After a dramatic time jump, the three-time Eisner Award winner for Best Continuing Series finally returns, as Hazel begins the most exciting adventure of her life...kindergarten!

Wow! That’s downright descriptive relative to other Saga preview text, although I guess a good portion of it was spent celebrating the team’s well-earned Eisner Award accolades. We do, however, learn that going into this issue there has been a dramatic time jup and now Hazel is in kindergarten. Wait, didn’t we see all that on the last page of Saga #30? We did! No matter, let’s look at the individual elements in play here.

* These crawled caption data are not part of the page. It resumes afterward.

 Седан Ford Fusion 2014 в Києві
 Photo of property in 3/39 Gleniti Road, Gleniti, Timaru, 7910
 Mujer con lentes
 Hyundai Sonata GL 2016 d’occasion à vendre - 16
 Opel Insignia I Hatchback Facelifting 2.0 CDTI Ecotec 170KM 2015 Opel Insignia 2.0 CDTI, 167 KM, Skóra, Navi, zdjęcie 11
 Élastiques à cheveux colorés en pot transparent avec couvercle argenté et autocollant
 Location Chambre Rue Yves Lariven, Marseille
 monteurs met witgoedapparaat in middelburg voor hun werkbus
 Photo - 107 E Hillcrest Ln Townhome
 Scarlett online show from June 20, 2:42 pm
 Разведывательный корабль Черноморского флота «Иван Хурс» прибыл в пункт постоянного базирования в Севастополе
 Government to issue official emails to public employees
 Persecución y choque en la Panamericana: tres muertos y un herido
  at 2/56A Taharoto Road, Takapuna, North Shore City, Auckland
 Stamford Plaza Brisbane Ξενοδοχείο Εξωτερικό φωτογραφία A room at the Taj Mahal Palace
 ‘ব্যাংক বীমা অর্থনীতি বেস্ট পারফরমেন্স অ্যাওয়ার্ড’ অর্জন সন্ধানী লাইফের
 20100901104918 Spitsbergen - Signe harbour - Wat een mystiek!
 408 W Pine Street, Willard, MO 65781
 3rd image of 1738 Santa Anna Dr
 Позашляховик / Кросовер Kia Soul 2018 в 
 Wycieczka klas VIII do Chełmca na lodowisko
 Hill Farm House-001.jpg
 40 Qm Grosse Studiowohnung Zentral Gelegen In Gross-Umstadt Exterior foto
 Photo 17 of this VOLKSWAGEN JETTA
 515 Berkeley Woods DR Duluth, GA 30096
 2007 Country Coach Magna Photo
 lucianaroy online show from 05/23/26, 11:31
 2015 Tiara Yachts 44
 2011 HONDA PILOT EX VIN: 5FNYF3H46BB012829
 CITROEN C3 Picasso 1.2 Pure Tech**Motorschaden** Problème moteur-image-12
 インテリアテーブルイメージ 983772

The Cover: A very cool Saga cover, one that also clues us in on what we can expect from the upcoming plot, which is maybe a little rarer in Saga than it is in most series. I really like the use of perspective in this image, using the high walls as both a means of showing how small and inconsequential the teacher and Hazel really are (juxtaposed as well against a literal map of the galaxy), and letting us know that Hazel’s current situation is that of a prisoner. It’s all quite striking.

The First Page: One of the cuter Saga openings, and it somehow doesn’t even feature Ghus! Joking aside, I really like this four panel grid as a first page, working in an intriguing way to just straight up clue us in on what’s been going on with an aged-forward Hazel. This is all business that could have felt like an information dump (stories always run that risk following a time jump), but it doesn’t. It’s smooth and welcome all around. It also reminds us—as this book is wont to do at all times—that war and violence are always always always horrific.  

The Summary: The story opens with a few pages of Hazel just being a regular kid in a kindergarten…which is monitored by armed guards. We then flashback to the exact logistics of how Hazel was captured and by whom—the same Robot Kingdom guards who were pursuing Marko and IV, turns out. This is convenient, because as Last Revolution fighter Lexis points out, Drones don’t negotiate, so they can’t use Hazel as a bargaining chip, which means her captors don’t understand what she really is.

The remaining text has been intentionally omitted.